Because of America’s unique government, this democratic republic has fostered more growth, ingenuity, and security than the modern world has ever seen. But a recent USA Today poll said that while 90 percent of Republicans surveyed said they were proud to be Americans, only about 71 percent were proud of America. Not surprisingly, the numbers are even lower among Democrats polled (61 percent were proud to be Americans and 22 percent were proud of America right now). While Trump’s roller-coaster presidency has inspired a new debate about nationalism, populism, and the relationship between the two, it should still be okay to have pride in America and be proud to be an American. That’s not eerily sinister, that’s patriotic.
It’s en vogue now to be critical of America and even to be slightly, if not completely, ashamed of being an American. Hollywood stars regularly tweet about their disdain for the country where they have the freedom to criticize her while enjoying enough wealth and popularity to rejuvenate the entire country of Venezuela. That they miss this irony altogether just makes their comments that much more amusing.
It’s one thing to be critical of America as a whole because a person dislikes the current party in charge and their politics; it’s another to disdain America because of a president (who changes every four years). When Barack Obama was president, I didn’t particularly enjoy his healthcare policy, his SCOTUS appointees, or his lax view of national security. That said, I was no less proud to be an American. Why? Where else, exactly, would I want to live? What other country does what America can?
The fact of the matter is, while America as a democratic republic may or may not struggle in this current political climate, depending on perspective, she is still a land built on democracy, with the blood, sweat, and tears of immigrants, secured by the liberty men and women have paid for with their own blood and which continually creates a land of opportunity for those courageous enough to test their ideas and passions in the dirt of the free marketplace.

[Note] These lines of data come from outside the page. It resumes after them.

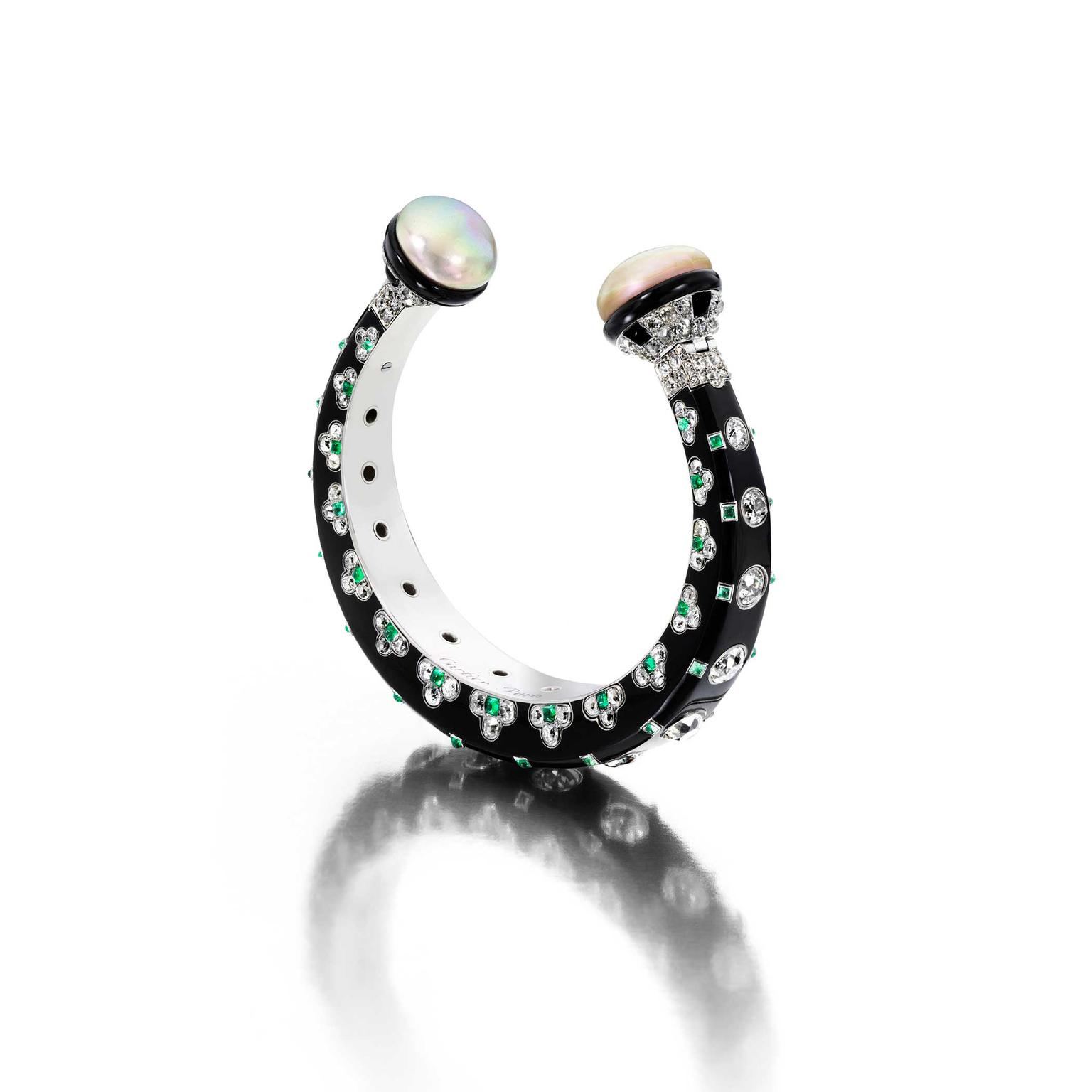 Siegelson Art Deco diamond, natural pearl, emerald and onyx bangle by Cartier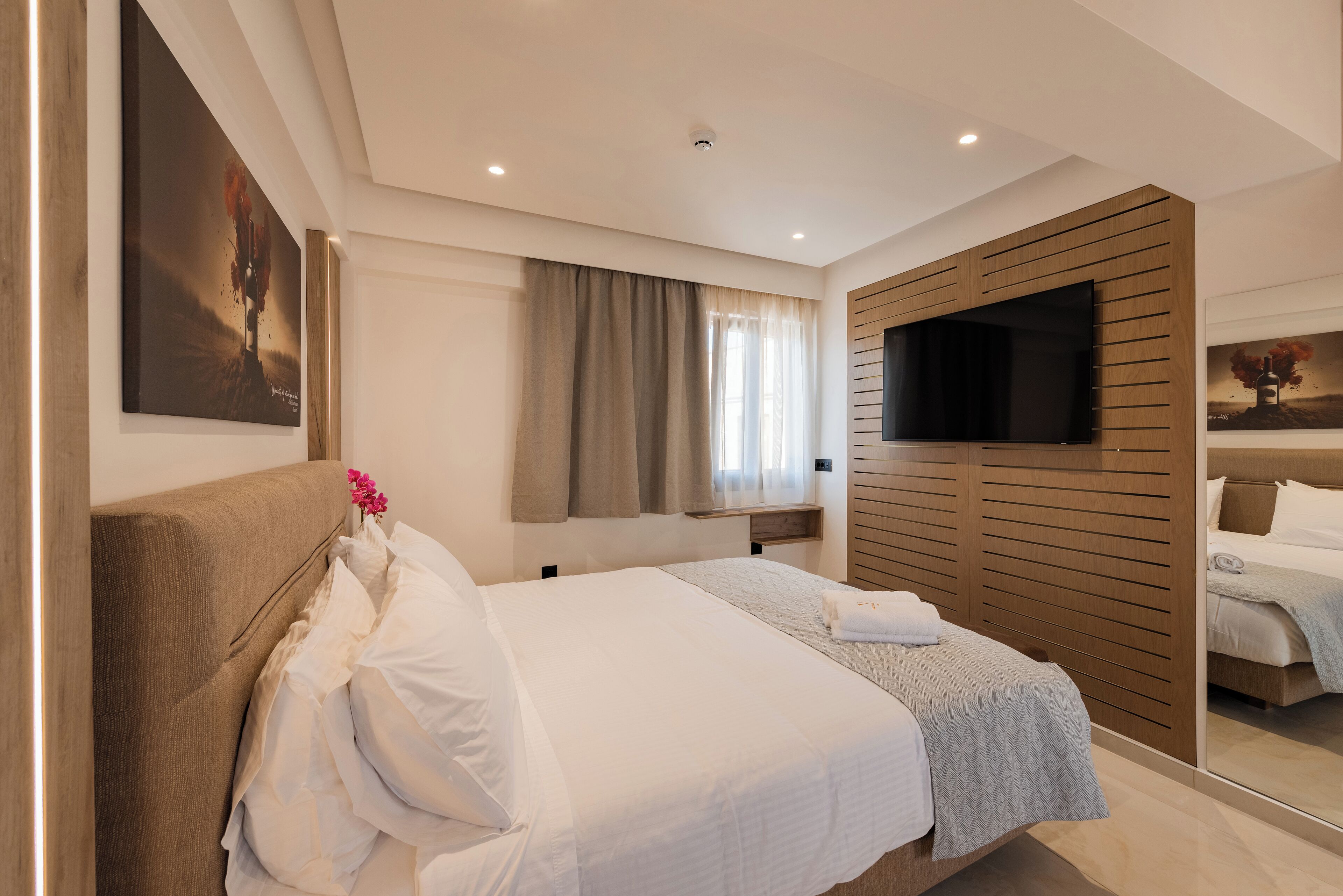 Une chambre d’hôtel moderne avec un grand lit, une télévision et un miroir.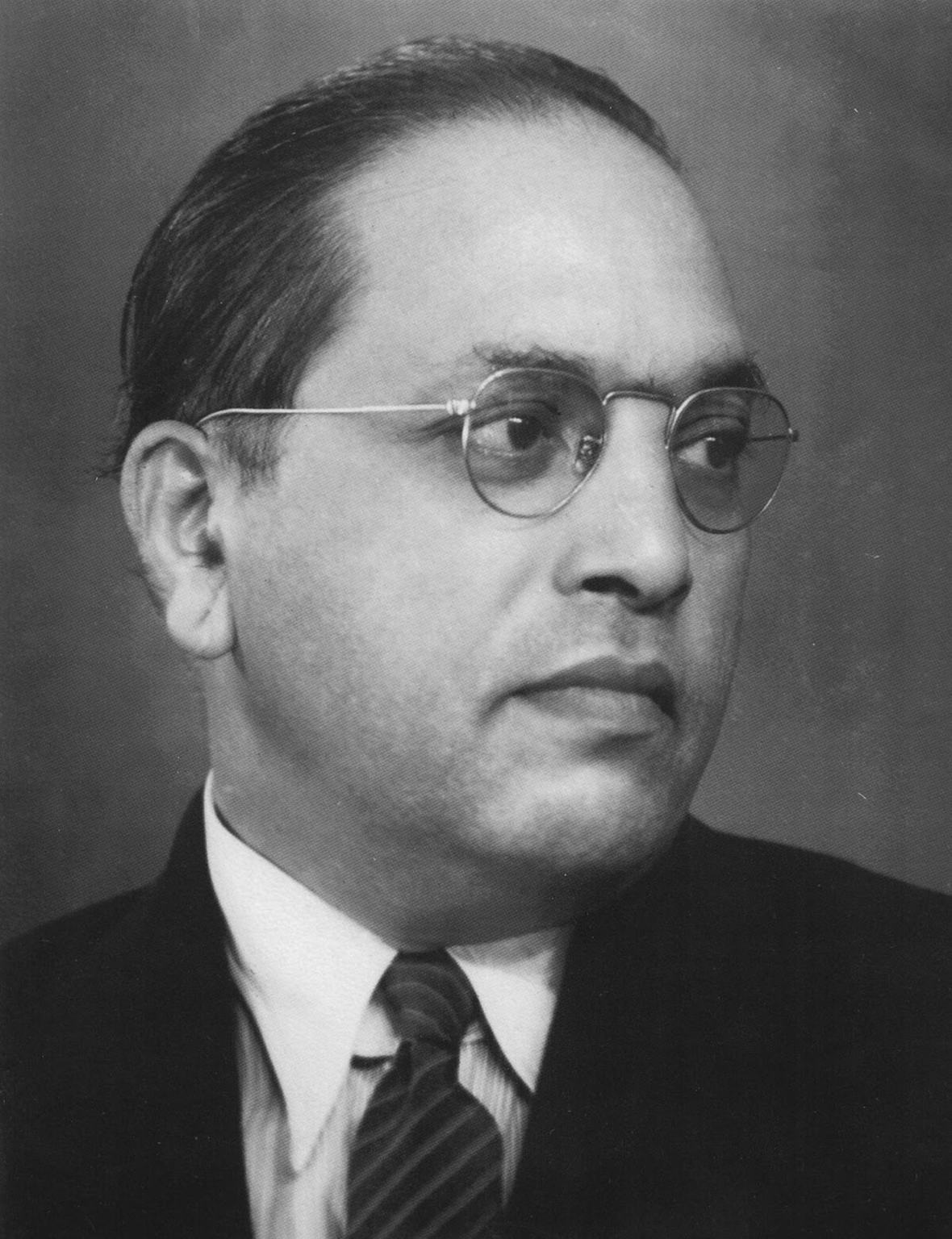 B. R. Ambedkar in a formal portrait photograph, showcasing his distinctive look with round glasses and suit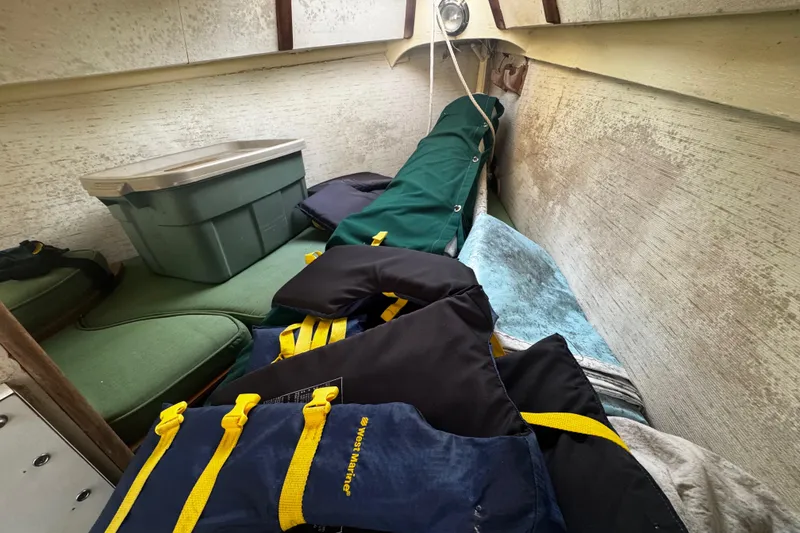Slide: The Image of Interior of a 1976 Custom Wooden Sloop with storage items and life jackets. - 24
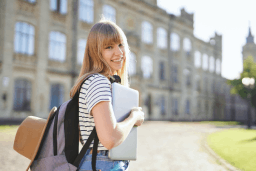 Student posing for a picture on campus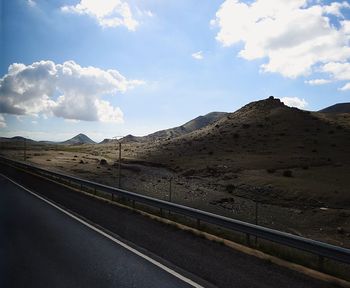 Road leading towards mountains against sky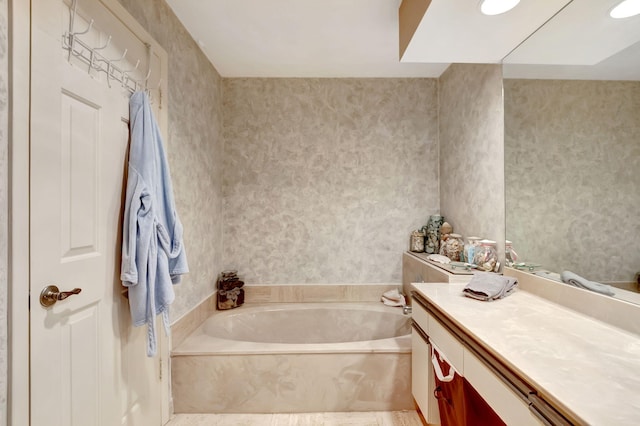 bathroom with vanity and a bath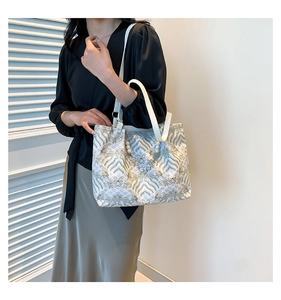 Close-up of elegant wave pattern embroidery and faux pearl accents on a bamboo-style tote bag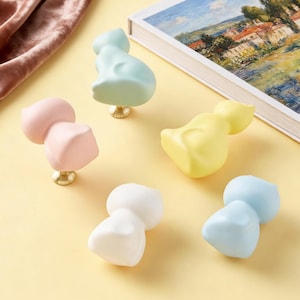 May include: A collection of six cat-shaped cabinet knobs in pastel colors: light blue, pink, yellow, white, and blue. Each knob is mounted on a gold-colored base. The knobs are arranged on a yellow surface.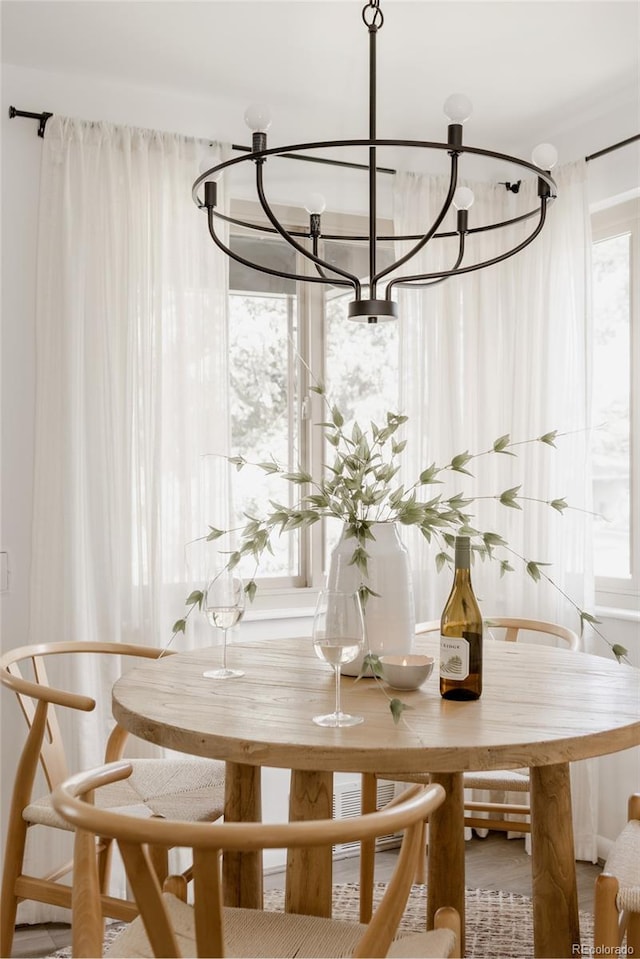 916 Florence St, Aurora, CO 80010 - dining area featuring a chandelier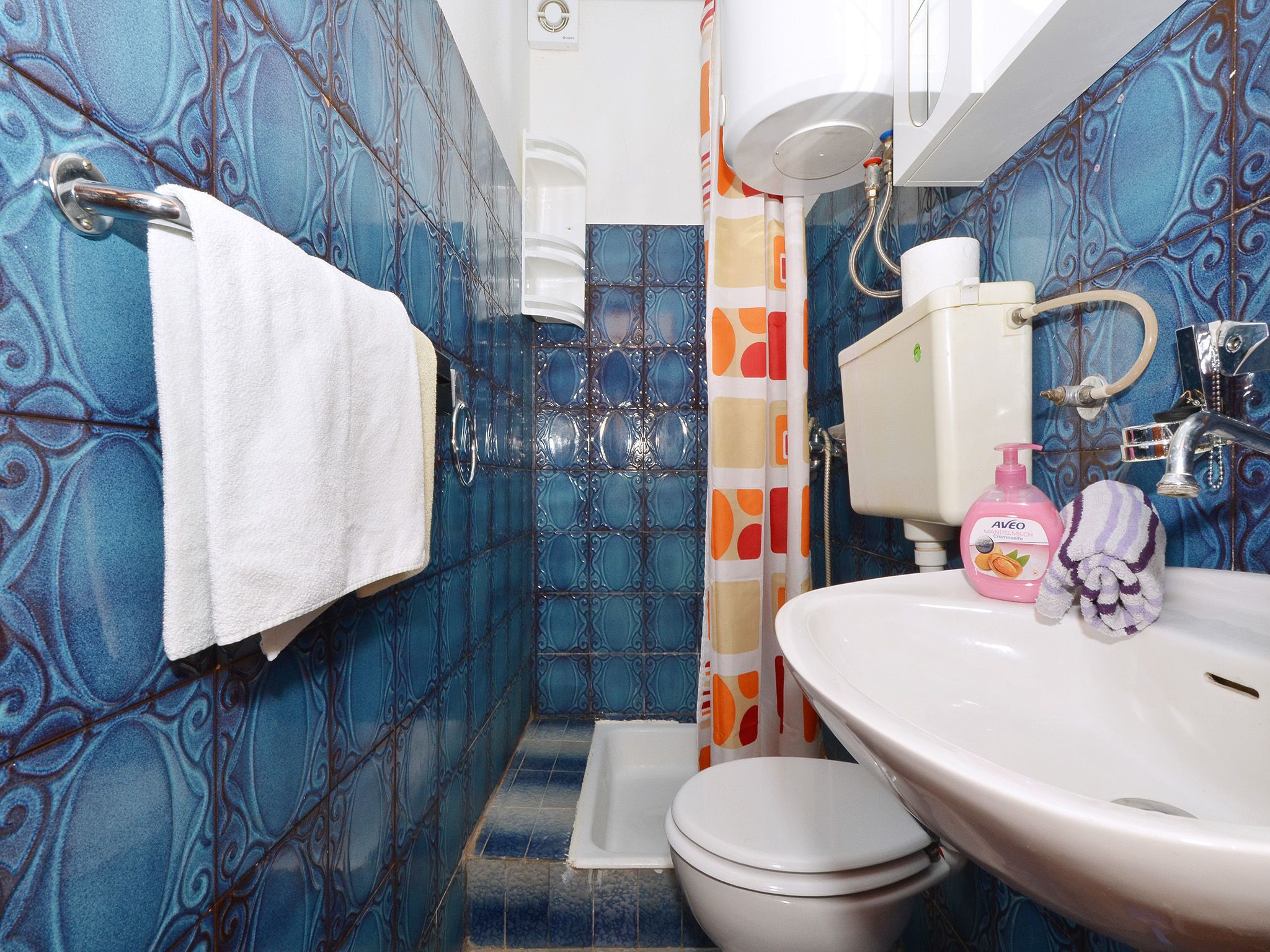 A bathroom with blue patterned tiles, a white sink, a toilet, and a shower curtain with a geometric pattern.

“Life, liberty, and the pursuit of happiness” isn’t just a phrase Thomas Jefferson thought would sound cool in the document that declared America officially independent from England. Those words were the building blocks of a system of government no one had tried before. This system has turned out to be the most successful startup in the history of startups. In a literal sense, some of the most successful, influential companies in the world started and continue to operate in the United States, not because capitalism is terrible but because it has allowed the freedom people need to innovate, create, test, fail — and finally try again and succeed.
In a more figurative sense, in America, we as a collective people are generally free not just to create and build but to learn, teach, express, protect, secure, and defend ourselves and others. A democratic republic lets the people choose and choose we still do: the importance of this incredible concept cannot be overstated. Where else can you tweet from your iPhone that you hate this country as you sip a latte in a Starbucks — and know you can do it all again tomorrow without real fear of retribution? Freedoms like this exist because “life, liberty, and the pursuit of happiness” was an idea a group of oppressed British men and women dreamt up because, as President Trump said in his State of the Union, “every human soul longs to live in freedom.” And indeed it does
Hate on America all you want. Be ashamed of America all you want — but eventually, it might be wise to realize: that kind of hate and shame is pointless. A better use of energy, emotion, and time might be to sit down and actually pursue a life full of happiness, thankful for the liberty that provided it.